Once I have confirmation that he is still alive it's like all the adrenaline fades out of my body and I collapse on the wet floor. My entire body starts shaking and yet, I still feel numb.

Eventually I regain enough control over myself that I turn off the tub and pick Dan up by his shoulders careful not to touch anywhere else incase it hurts him, as I carry him from the bathroom and lay him on the bed.
I weigh my options. I could call an ambulance but then Dan's father would be informed on what happened and he would make this little episode here look like a walk in the park compared to what he would do to Dan.
I put my head in my hands, I don't know what to do!
I rationalize with myself that I will keep an eye on him and if he looks like he's not getting better or if he gets worse then I will call the police.
Suddenly I realize that my whole body is shivering. The entire room is freezing and we are both sopping wet. I get up and open Dan's dresser, grabbing a pair of sweats and t-shirts for both of us, I quickly shrug off my wet clothes and pull on Dan's dry ones. I then turn to the bed and after a pause start taking his clothes off as well. I make sure to watch his face, to make sure that he doesn't wake up at all during his experience. He doesn't need those memories right now. Eventually I manage to get him out of his dripping clothes and I pick the dry ones up, ready to try to put them on him and hopefully warm him up when I begin to notice the cuts all over his body.

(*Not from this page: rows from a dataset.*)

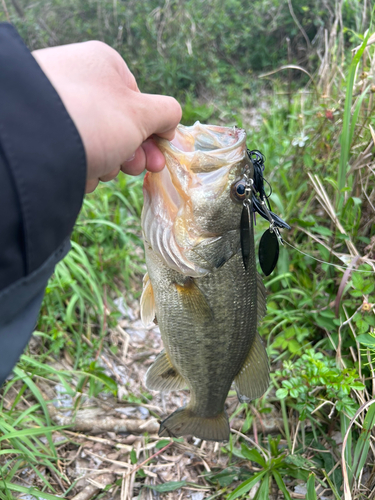 トラウトの釣果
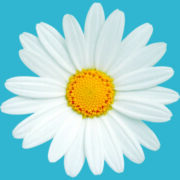Logo Premicura Pflegedienst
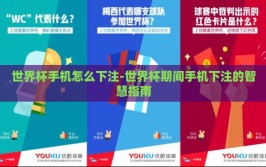 世界杯手机怎么下注-世界杯期间手机下注的智慧指南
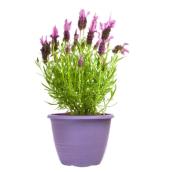 Lavande de Pâques en pot 6 po h. de couleurs variées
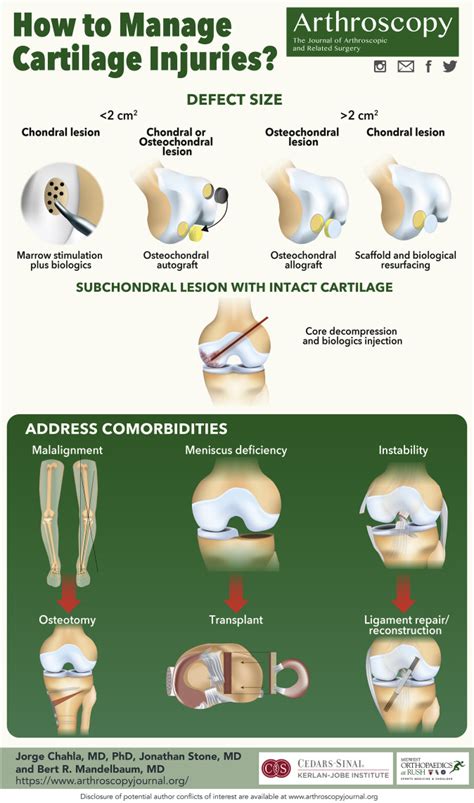 How To Manage Cartilage Injuries Arthroscopy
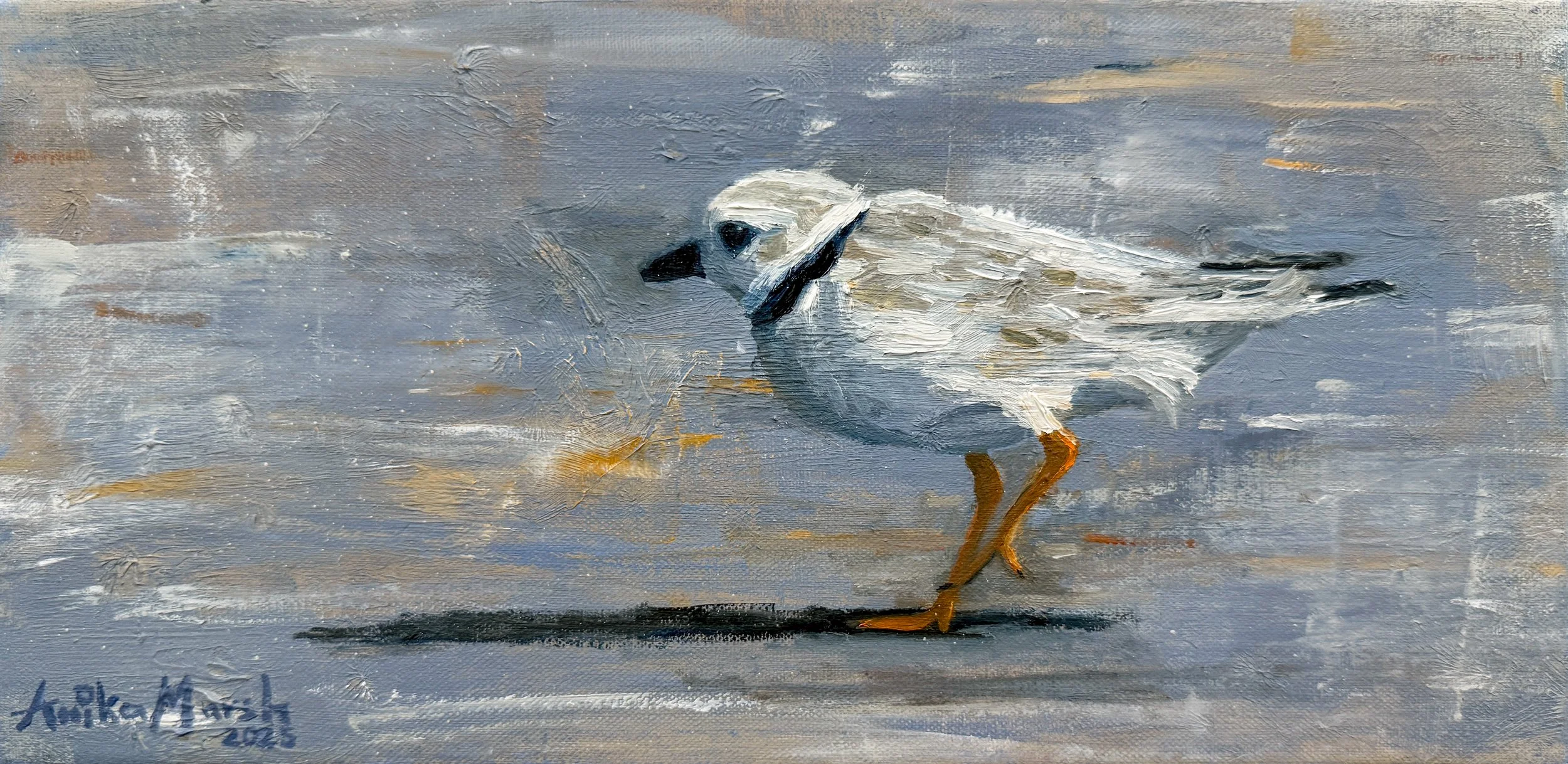 'Piping Plover's Beach Walk' Limited Edition Print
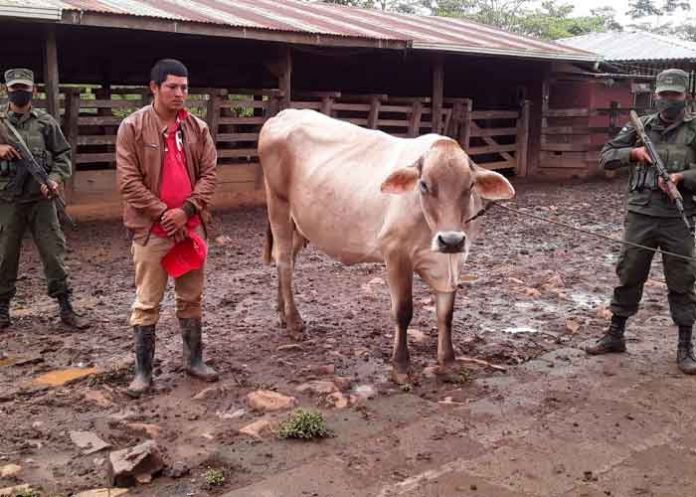 1 nicaragua, chontales, semovientes,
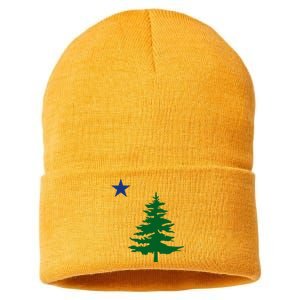 Old Maine State Flag 1901 Pine Tree Star Sustainable Knit Beanie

I knew that he was cutting again, not that he ever really stopped, but I had no idea that it had gotten this far.
His chest is covered in burns, cuts, and scars, some of them newer, some years old. The burns continue down onto his thighs, especially his inner thighs, where old scar tissue is covered with new burns and cuts, this is also where the writing starts, words like faggot, disgusting, and worthless, carved over and over into his skin, leaving it indented. This is when the burns start to stop and the serious cutting begins, hundreds of little cuts, layered on top of one another, crisscross down his legs in a gruesome pattern. His arms, which are still bright red for whatever reason and are lightly bleeding everywhere from old scars, are in better shape that anywhere else on his body.
Suddenly my legs give out and my knees hit the floor, hard enough to make me cry out, but I don't make a sound. I can barely breath.
I lean my head against the side of his bed, right next to his arm, where I can see the puckered scar of where he tried to kill himself many years ago. My vision starts to swim and my breathing gets erratic, my calm finally leaving me and the shock settling in. I cross my legs and wrap my hands around my head. Pressing as hard as I can, trying to disappear into myself, the sobbing becomes uncontrollable.